→ **WHAT TO PRODUCE**: From the line containing "thumbnail image 5" to the end of the data, retype every line exactly and nothing else. Drop the pictures.

→ **DATA EXTRACT**:

- - -

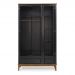 Guarda-Roupa Rústico 3 Portas e 2 Gavetas - Madeira Maciça e MDF - Preto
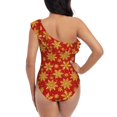 thumbnail image 5 of Sikiie Christmas With Gold Snowflakes Print Women One Piece Swimsuits Tummy Control One Shoulder Bathing Suits Ruffle Swimwear, From S to XXL-Medium, 5 of 6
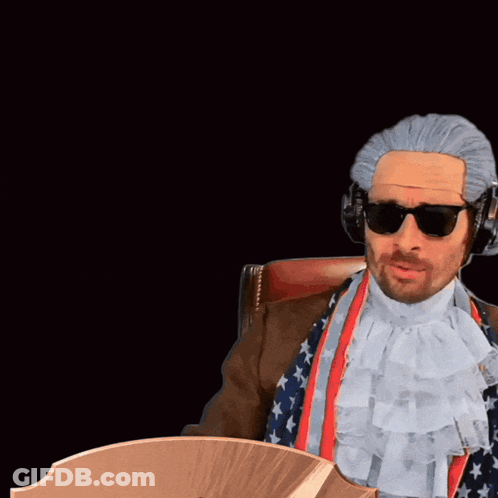 Man With Wig And Sunglasses Next To Card Saying RW Cam GIF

- - -

→ **ANSWER FOR THE TASK**:
 thumbnail image 5 of Sikiie Christmas With Gold Snowflakes Print Women One Piece Swimsuits Tummy Control One Shoulder Bathing Suits Ruffle Swimwear, From S to XXL-Medium, 5 of 6
 Man With Wig And Sunglasses Next To Card Saying RW Cam GIF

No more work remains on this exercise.